Ron Paul: Auditing the Fed is Responsibility of Congress
Article audio sponsored by The John Birch Society

Rep. Ron Paul (R-Texas) addressed his colleagues from the floor of the House on May 11, expressing his displeasure with the cave-in by Senator Bernie Sanders and other Senators over the proposal to audit the Federal Reserve, an issue that Rep. Paul has been championing for decades. On May 6, Sen. Sanders flip-flopped on his earlier commitment to sponsor an audit amendment identical to the one by Rep. Paul, which had passed in the House with broad, bipartisan support and 319 co-sponsors.

Instead, Sanders offered a weaker substitute amendment that was acceptable to the Federal Reserve and the Obama administration, but which will not allow for a genuine audit of the Fed’s ongoing secret operations. The Senate adopted the new Sanders substitute amendment (which many “Audit the Fed” advocates call a “sellout” amendment) by a vote of 96 to 0 on Tuesday, May 11.

A short timer later, the Senate voted on an amendment by Sen. David Vitter (R-La.), which contained the stronger audit language of Ron Paul’s House bill, H.R. 1207. Only 37 Senators voted for the genuine audit proposed by the Vitter amendment. (To see the vote, click here).

Following the Vitter amendment vote in the Senate, Rep. Paul addressed his House colleagues, pointing out that due to the Fed’s actions, we are in the midst of a serious financial crisis that is rapidly becoming an even much more serious currency crisis. Rep. Paul called on them to exercise their Constitutional responsibility to provide oversight and rein in the Federal Reserve before it can engage in more bailouts of Europe.
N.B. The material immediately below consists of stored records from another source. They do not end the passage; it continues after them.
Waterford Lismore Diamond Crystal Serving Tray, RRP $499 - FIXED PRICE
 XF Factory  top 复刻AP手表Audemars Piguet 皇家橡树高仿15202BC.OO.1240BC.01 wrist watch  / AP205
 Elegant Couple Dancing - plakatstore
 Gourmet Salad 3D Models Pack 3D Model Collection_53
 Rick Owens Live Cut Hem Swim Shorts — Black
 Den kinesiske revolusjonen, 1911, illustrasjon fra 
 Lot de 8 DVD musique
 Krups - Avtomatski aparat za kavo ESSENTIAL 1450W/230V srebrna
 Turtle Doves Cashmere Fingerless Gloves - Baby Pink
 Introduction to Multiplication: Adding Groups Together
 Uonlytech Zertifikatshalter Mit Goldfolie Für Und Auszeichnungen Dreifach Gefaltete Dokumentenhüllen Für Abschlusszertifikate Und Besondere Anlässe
Rep. Paul called the Senate vote “disturbing” and pointed out that “our dollar has been devalued 80 percent in terms of gold” in the past 10 years. According to the Congressman, “a currency crisis is on our doorstep,” and the Fed is largely responsible for it.

Rep. Paul stated:

The reason this is so disturbing is because of the current events going on in the financial markets. We are right now involved in bailing out Europe and especially bailing out Greece, and we’re doing this through the Federal Reserve. The Federal Reserve does this with currency swaps and they do this literally by giving loans and guarantees to other central banks, and they can even give loans to governments. So this is placing the burden on American taxpayers — not by direct taxation, but by expanding the money supply this is a tax on the American people because this will bring economic hardship to this create itcountry. And because we’ve been doing this for so many years the economic hardship is already here [and] we’ve been suffering from it.

But the problem comes that once you have a system of money where you can create it out of thin air there’s no restraint whatsoever on the spending in the Congress. And then the debt piles up and they get into debt problems as they are in Greece and other countries in Europe. And how they want to bail them out? With more debt. But what is so outrageous is that the Federal Reserve can literally deal in trillions of dollars. They don’t get the money authorized, they don’t get the money appropriated, they just create it and they get involved in bailing out their friends, as they have been doing for the last two years, and now they’re doing it in Europe. So, my contention is that they deserve oversight. Actually they deserve to be reined in where they can’t do what they’re doing.

But, initially, we have to have some oversight, and this is why this vote of only 37 senators willing to audit the Federal Reserve in a thorough manner and hold them in check – which means there are 62 senators who support the idea of maintaining status quo with the Fed, and they will still be able to make these loans to these foreign central banks.

Now, what has this led to? It has led to tremendous pressure on the dollar. The dollar is the reserve currency of the world; we bail out all the banks and all the corporations. We’ve been doing it for the last couple years to the tune of trillions of dollars….

The real truth is that the dollar is very, very weak, because the only true measurement of the value of a currency is its relationship to gold…. In the last ten years, our dollar has been devalued 80 percent in terms of gold. That means, literally, that just means that we have printed way too much money, and right now we’re just hanging on, the world is hanging on to the fact that the dollar is still usable….

So we face a very serious crisis. To me it is very unfortunate that we are not going to have this audit the Fed bill in the Senate. It has passed in the House, possibly we can salvage it in conference and make sure this occurs. But since the Federal Reserve is responsible for the business cycle and the inflation and for all the problems we have it is vital that we stand up and say, you know, its time for us to assume the responsibility because it is the Congress under the Constitution that has been authorized to be responsible for the value of the currency. As a matter of fact, the Constitution still says — it has not been amended, has not been changed — that only gold and silver are supposed to be used as legal tender, not pieces of paper, not computer entries. This can’t work. It’s not working very well; the world is starting to recognize this. And I am really concerned about what is going to happen because a currency crisis is much worse than a financial crisis. We’ve just been through the financial crisis, we’re in the midst of it, but a currency crisis which is on our doorstep, means our dollar will be challenged.

It will take an all-out push by concerned citizens to convince House members to reject the Sanders substitute amendment in the House-Senate conference and stick to Ron Paul’s genuine “Audit the Fed” bill, H.R. 1207, passed by the House.